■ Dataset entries
BEGIN
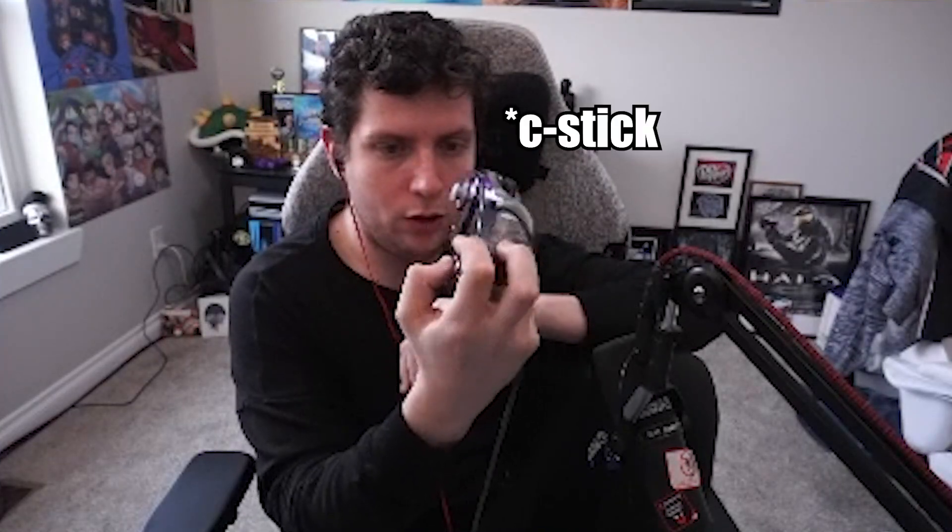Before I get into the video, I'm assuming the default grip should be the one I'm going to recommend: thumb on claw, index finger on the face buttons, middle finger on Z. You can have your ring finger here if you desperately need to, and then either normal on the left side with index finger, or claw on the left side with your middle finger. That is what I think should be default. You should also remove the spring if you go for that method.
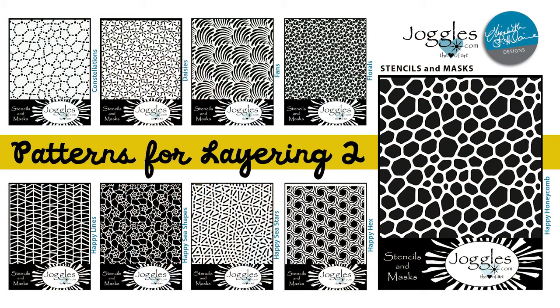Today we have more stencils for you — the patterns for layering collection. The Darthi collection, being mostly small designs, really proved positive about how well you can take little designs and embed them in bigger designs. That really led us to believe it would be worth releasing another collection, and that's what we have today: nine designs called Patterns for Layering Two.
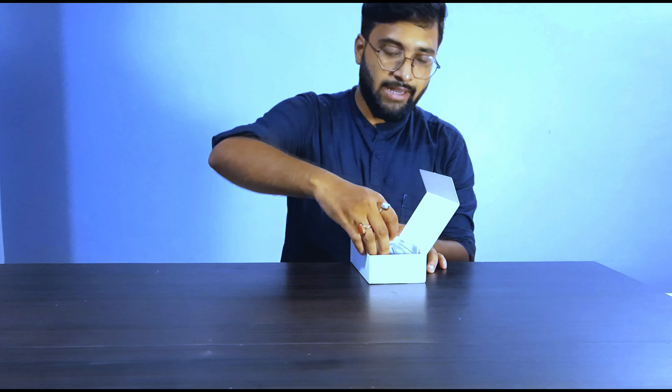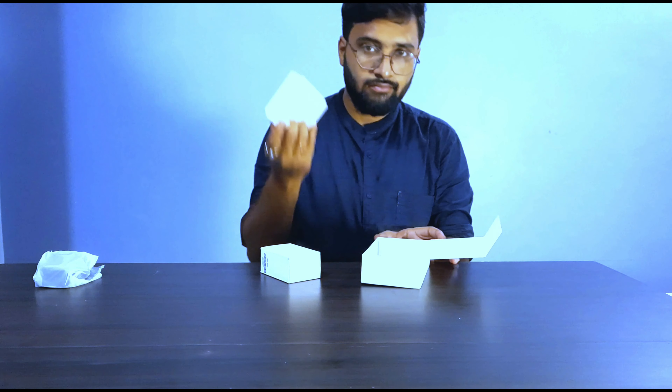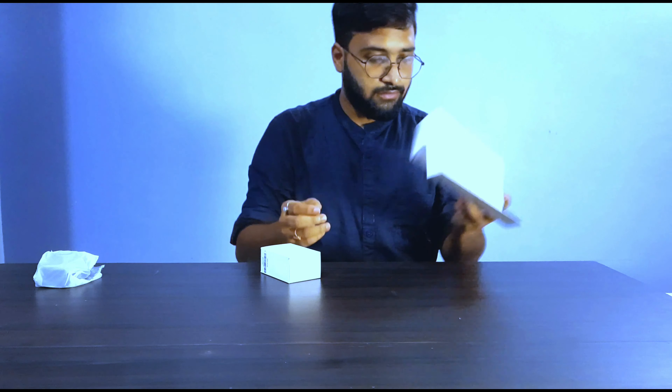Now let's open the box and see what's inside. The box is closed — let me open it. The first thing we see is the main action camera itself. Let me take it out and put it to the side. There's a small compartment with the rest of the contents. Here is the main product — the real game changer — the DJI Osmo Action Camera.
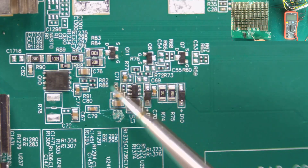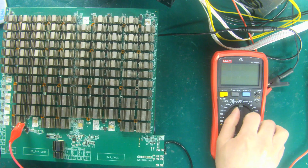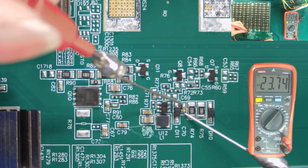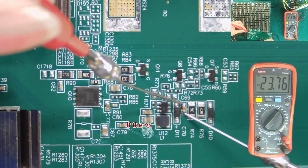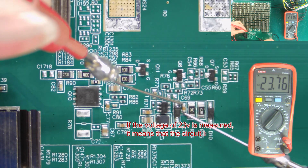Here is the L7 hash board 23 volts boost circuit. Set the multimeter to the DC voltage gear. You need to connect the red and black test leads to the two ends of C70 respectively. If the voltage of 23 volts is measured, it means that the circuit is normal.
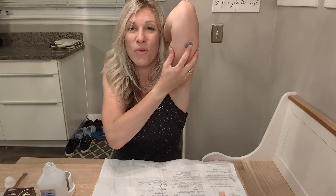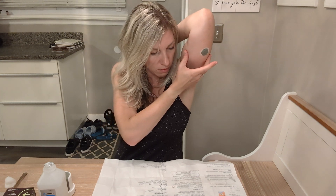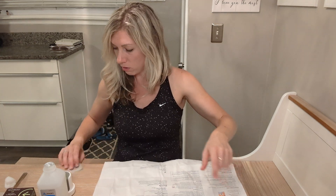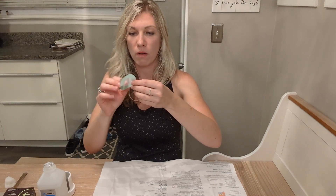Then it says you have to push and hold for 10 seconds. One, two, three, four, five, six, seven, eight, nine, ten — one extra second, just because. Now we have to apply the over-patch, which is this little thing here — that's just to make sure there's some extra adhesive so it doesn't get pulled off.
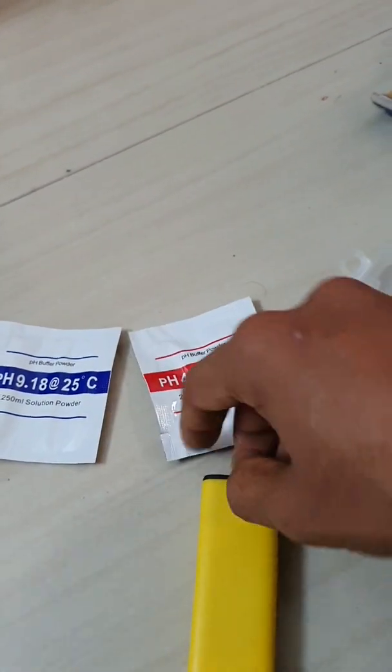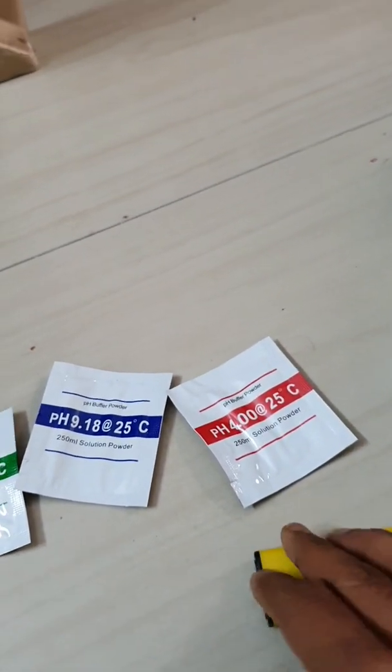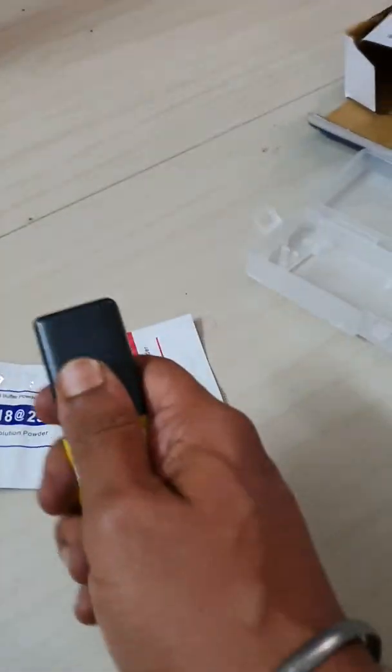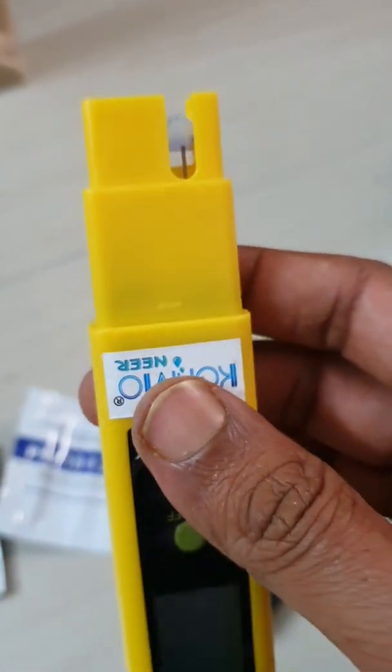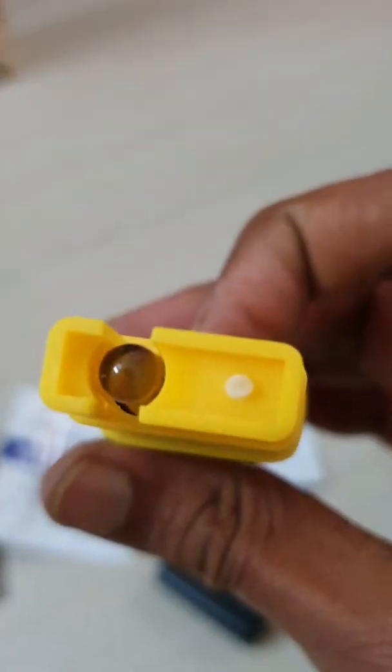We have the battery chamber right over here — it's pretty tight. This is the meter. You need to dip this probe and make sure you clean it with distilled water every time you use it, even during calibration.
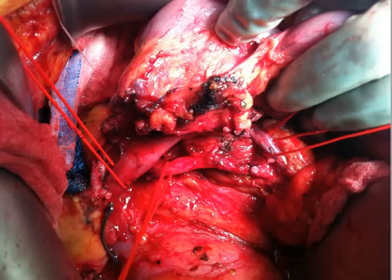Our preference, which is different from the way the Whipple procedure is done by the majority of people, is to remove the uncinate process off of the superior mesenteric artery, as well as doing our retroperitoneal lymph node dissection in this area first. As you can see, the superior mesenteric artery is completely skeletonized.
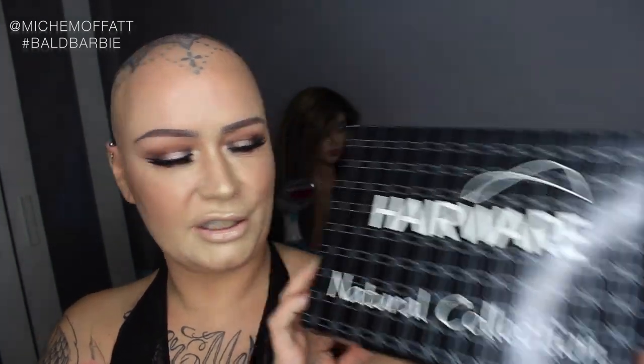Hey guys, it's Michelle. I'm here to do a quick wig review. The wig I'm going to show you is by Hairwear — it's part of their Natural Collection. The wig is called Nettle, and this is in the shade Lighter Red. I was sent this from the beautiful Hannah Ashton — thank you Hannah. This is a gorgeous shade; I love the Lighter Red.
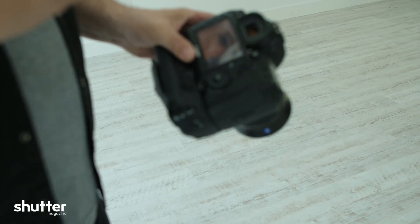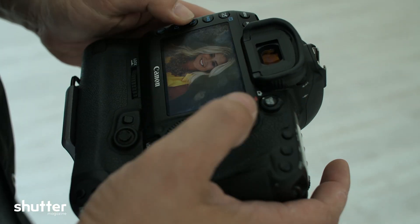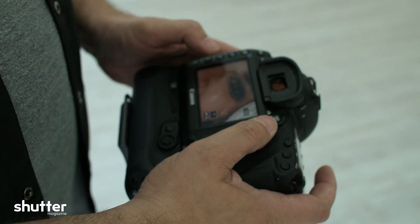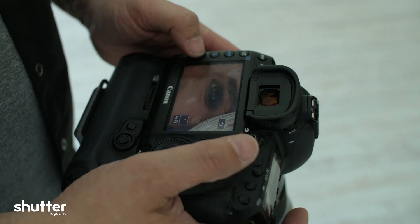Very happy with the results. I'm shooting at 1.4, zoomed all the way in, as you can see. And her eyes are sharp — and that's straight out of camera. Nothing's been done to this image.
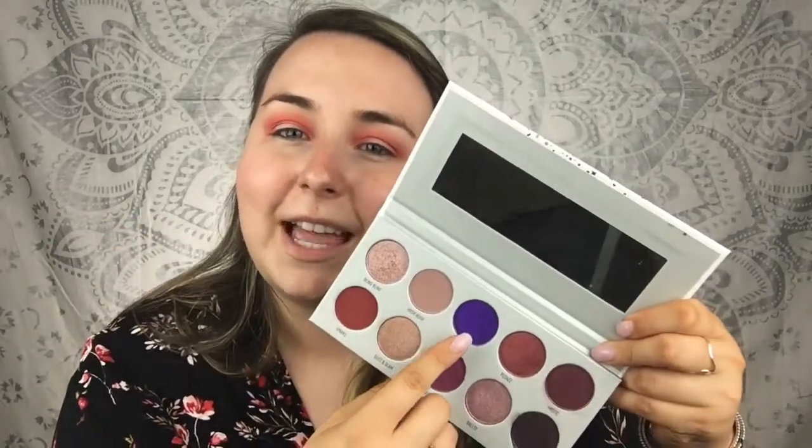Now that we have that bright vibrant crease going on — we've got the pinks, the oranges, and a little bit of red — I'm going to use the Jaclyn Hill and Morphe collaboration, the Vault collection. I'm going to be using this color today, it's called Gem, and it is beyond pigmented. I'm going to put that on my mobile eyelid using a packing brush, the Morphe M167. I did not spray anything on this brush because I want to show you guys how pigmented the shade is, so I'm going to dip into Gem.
END
■ Task
Exactly as written above, retype the lines starting at the one holding "Today we have" and ending at the one holding "Hey guys, it's", both included, but not the pictures.

■ Answer box
Today we have more stencils for you — the patterns for layering collection. The Darthi collection, being mostly small designs, really proved positive about how well you can take little designs and embed them in bigger designs. That really led us to believe it would be worth releasing another collection, and that's what we have today: nine designs called Patterns for Layering Two.
Now let's open the box and see what's inside. The box is closed — let me open it. The first thing we see is the main action camera itself. Let me take it out and put it to the side. There's a small compartment with the rest of the contents. Here is the main product — the real game changer — the DJI Osmo Action Camera.
Here is the L7 hash board 23 volts boost circuit. Set the multimeter to the DC voltage gear. You need to connect the red and black test leads to the two ends of C70 respectively. If the voltage of 23 volts is measured, it means that the circuit is normal.
Then it says you have to push and hold for 10 seconds. One, two, three, four, five, six, seven, eight, nine, ten — one extra second, just because. Now we have to apply the over-patch, which is this little thing here — that's just to make sure there's some extra adhesive so it doesn't get pulled off.
We have the battery chamber right over here — it's pretty tight. This is the meter. You need to dip this probe and make sure you clean it with distilled water every time you use it, even during calibration.
Our preference, which is different from the way the Whipple procedure is done by the majority of people, is to remove the uncinate process off of the superior mesenteric artery, as well as doing our retroperitoneal lymph node dissection in this area first. As you can see, the superior mesenteric artery is completely skeletonized.
Hey guys, it's Michelle. I'm here to do a quick wig review. The wig I'm going to show you is by Hairwear — it's part of their Natural Collection. The wig is called Nettle, and this is in the shade Lighter Red. I was sent this from the beautiful Hannah Ashton — thank you Hannah. This is a gorgeous shade; I love the Lighter Red.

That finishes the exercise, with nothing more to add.